Bank of England - Sub-prime write offs not as much as thought?
Bank of England - Sub-prime write offs not as much as thought?

The scale of losses and the economic fallout from the credit crunch may not be as bad as feared and sub-prime write-offs could end up costing less than half market forecasts, the Bank of England said today.

The credit crunch has frozen money markets and rattled consumers around the world, pushing the global economy to the edge of a sharp slowdown after banks lost confidence in each other due to defaults on sub-prime mortgages in the US.

If the fallout from the crisis turns out to be not as drastic as many fear, the implications for global interest rate - and fiscal - policy will be significant.

Current market estimates of sub-prime mortgages amount to nearly $400 billion and the IMF has said the wider cost to the financial sector could rise to $1 trillion.

'All of them are potentially significant overestimates of the losses within the wider economy associated with the financial market crisis,' the Bank of England said in its twice-yearly Financial Stability Report, estimating actual losses could be closer to $170 billion.

The Bank of England has been criticised for taking an unsympathetic line on the lending squeeze. The US Federal Reserve has drastically cut interest rates and, along with the European Central Bank, made cash much easier for banks to get hold of.

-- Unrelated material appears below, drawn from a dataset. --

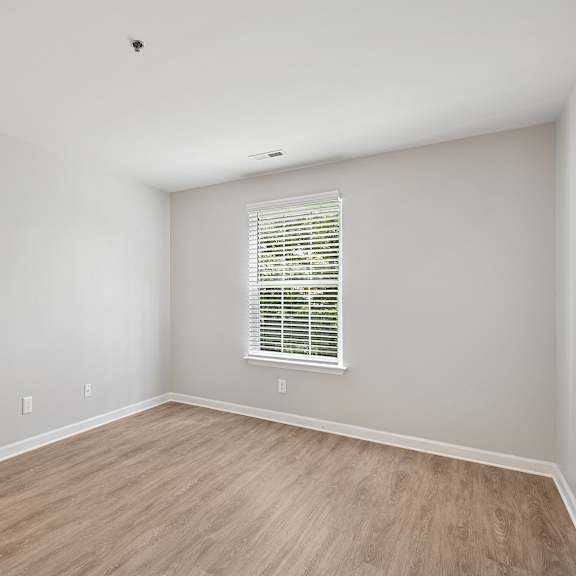 a room with a window and wooden flooring.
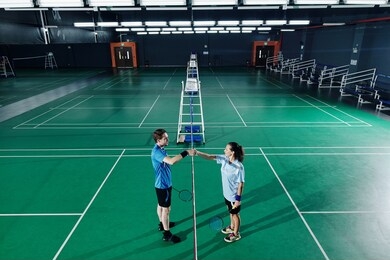young male and female badminton players shaking hands after training in gymnasium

However, the bank did respond to pressure to ease the squeeze last week, announcing an unprecedented £50 billion sterling swap scheme under which banks can trade in their hard to shift assets for risk-free government debt, which is now going to plan.

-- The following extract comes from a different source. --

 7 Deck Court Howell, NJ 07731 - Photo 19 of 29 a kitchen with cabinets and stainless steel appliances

BoE policymakers say they are wary of rescuing institutions from the consequences of their own risky behaviour and have to balance the very real threat of rising inflation against the harder to gauge prospect of a decelerating economy.

There is strong evidence to suggest the British economy is already suffering at the hands of the credit crunch, with house prices falling, home loan approvals at record lows and consumer confidence at 15 year lows.